'Utterly catastrophic' — life with frontotemporal dementia'Utterly catastrophic' — life with frontotemporal dementia
All In The Mind
Frontotemporal dementia, or FTD, is tricky to pick up at the doctor's office and impossible to cure. And for those who live with the condition, their families and their carers, the situation can be very challenging. On All in the Mind this week, we hear from those people and a researcher who has spent decades working on the condition.
29:07•26 Feb 2022
Living with Frontotemporal Dementia: Personal Stories and Scientific Insights
“Well, the effects on our lives have been catastrophic.
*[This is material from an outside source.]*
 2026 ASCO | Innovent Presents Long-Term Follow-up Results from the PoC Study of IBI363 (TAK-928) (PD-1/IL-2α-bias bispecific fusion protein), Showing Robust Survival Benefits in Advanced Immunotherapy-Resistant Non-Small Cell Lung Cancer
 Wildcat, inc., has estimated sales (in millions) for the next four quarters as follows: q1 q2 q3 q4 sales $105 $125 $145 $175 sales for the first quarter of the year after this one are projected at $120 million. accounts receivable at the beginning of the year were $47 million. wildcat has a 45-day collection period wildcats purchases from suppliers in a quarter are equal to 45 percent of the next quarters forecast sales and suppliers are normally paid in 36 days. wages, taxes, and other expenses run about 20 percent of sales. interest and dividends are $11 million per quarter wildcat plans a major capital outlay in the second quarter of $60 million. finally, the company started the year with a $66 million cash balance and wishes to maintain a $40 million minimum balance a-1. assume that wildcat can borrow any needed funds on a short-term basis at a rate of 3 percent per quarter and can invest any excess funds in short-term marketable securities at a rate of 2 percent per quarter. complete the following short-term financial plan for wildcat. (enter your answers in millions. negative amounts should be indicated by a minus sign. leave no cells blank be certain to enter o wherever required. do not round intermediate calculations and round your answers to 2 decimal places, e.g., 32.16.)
It's so cruel, so unrelenting, so difficult to deal with.”
Imagine facing a disease that's not only difficult to diagnose but also has no cure. This episode of 'All In The Mind' dives deep into the world of frontotemporal dementia (FTD), a rare and relentless condition. Host Lynne Malcolm brings you the voices of those living with FTD, their families, and the researchers dedicated to understanding this complex disease. Mark Ferguson, whose wife Jill suffers from semantic dementia, a subtype of FTD, shares his heart-wrenching journey.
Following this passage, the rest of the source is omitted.